Question

$\sqrt{2x + 2} - \sqrt{x + 4} = 0$

Explanation:

Step1: Isolate one square root

We start with the equation \(\sqrt{2x + 2}-\sqrt{x + 4}=0\). Add \(\sqrt{x + 4}\) to both sides of the equation to isolate \(\sqrt{2x+2}\).
\(\sqrt{2x + 2}=\sqrt{x + 4}\)

Step2: Square both sides

To eliminate the square roots, we square both sides of the equation. Recall that \((\sqrt{a})^2=a\) for \(a\geq0\).
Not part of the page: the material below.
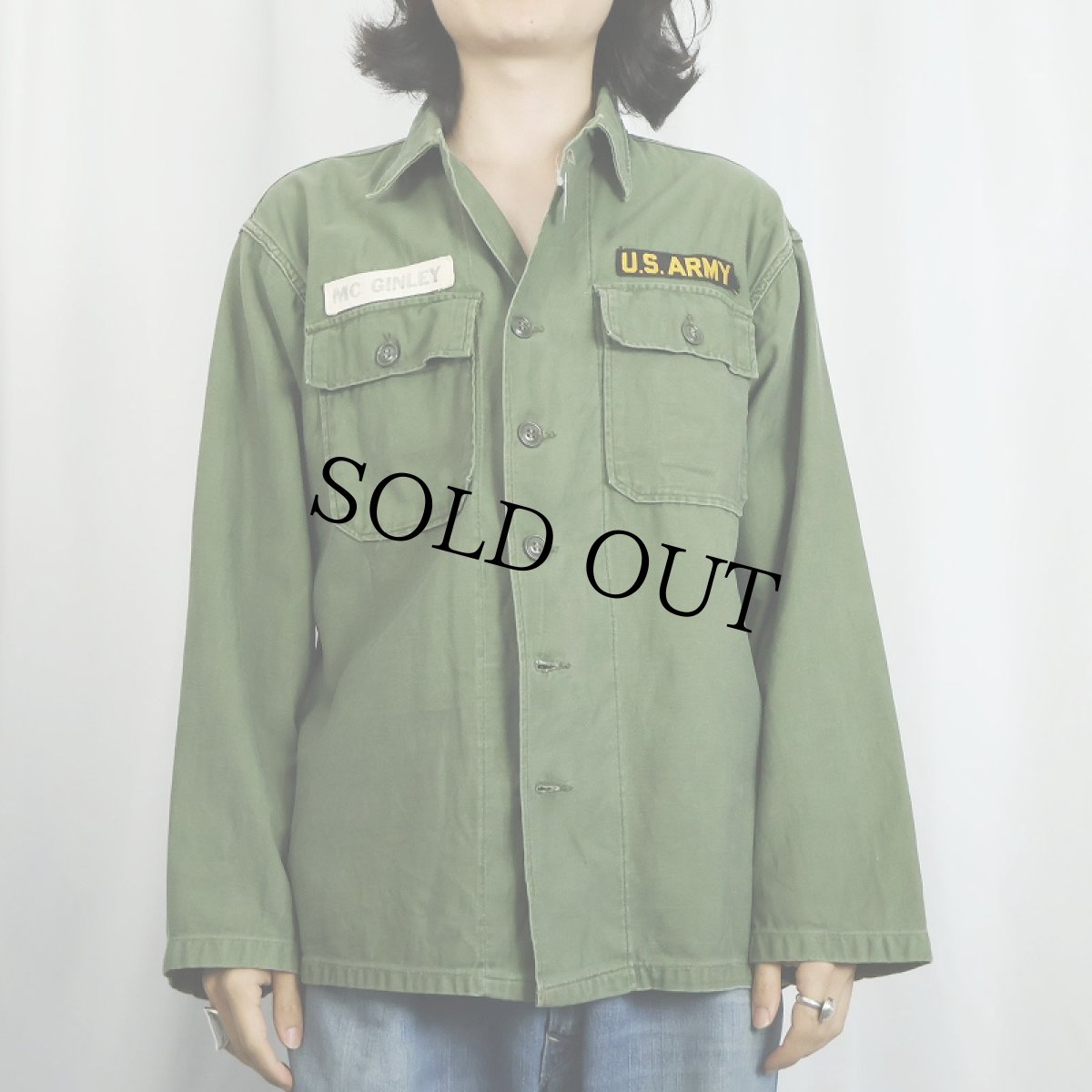 画像2: 60's U.S.ARMY ユーティリティシャツ 1st後期〜2nd移行期 MEDIUM (2)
So, squaring both sides gives:
\((\sqrt{2x + 2})^2=(\sqrt{x + 4})^2\)
\(2x+2=x + 4\)

Step3: Solve for \(x\)

Subtract \(x\) from both sides:
\(2x - x+2=x - x + 4\)
\(x+2 = 4\)
Then subtract 2 from both sides:
\(x+2-2=4 - 2\)
\(x=2\)

Step4: Check the solution

We need to check if \(x = 2\) satisfies the original equation because squaring both sides can introduce extraneous solutions.
For the left - hand side of the original equation \(\sqrt{2x + 2}-\sqrt{x + 4}\), substitute \(x = 2\):
\(\sqrt{2\times2+2}-\sqrt{2 + 4}=\sqrt{4 + 2}-\sqrt{6}=\sqrt{6}-\sqrt{6}=0\)
Which is equal to the right - hand side (0). So \(x = 2\) is a valid solution.

Answer:

\(x = 2\)